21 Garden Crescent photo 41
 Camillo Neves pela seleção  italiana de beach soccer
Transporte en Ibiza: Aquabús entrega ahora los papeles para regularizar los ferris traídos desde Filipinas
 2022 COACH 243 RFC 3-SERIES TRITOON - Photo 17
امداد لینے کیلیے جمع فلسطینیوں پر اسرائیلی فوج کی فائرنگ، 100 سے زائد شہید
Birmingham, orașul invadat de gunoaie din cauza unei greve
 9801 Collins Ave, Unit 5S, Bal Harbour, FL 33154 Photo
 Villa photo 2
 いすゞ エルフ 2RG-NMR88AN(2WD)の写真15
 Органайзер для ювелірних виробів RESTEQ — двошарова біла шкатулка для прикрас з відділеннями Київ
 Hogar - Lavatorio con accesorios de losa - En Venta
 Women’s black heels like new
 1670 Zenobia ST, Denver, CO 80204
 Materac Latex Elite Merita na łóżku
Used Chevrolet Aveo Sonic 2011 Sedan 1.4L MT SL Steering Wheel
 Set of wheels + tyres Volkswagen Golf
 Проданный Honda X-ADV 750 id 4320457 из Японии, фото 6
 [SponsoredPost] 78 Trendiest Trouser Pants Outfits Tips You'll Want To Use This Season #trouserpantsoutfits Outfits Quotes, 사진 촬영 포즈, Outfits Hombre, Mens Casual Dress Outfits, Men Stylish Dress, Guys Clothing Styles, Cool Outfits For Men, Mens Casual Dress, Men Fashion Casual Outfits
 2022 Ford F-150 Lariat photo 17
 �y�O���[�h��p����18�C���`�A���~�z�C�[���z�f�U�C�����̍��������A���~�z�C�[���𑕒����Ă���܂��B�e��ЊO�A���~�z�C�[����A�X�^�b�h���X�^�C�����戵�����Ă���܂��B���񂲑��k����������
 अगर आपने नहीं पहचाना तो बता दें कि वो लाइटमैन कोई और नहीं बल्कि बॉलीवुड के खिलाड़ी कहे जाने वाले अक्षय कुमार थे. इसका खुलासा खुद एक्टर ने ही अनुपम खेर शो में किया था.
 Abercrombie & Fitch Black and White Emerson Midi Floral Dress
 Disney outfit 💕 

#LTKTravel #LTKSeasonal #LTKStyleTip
----------------
### EXERCISE
Nothing before the line containing "Abercrombie & Fitch" should be repeated; repeat that line and all later lines through the end of the data above, exactly.

### YOUR RESPONSE
 Abercrombie & Fitch Black and White Emerson Midi Floral Dress
 Disney outfit 💕 

#LTKTravel #LTKSeasonal #LTKStyleTip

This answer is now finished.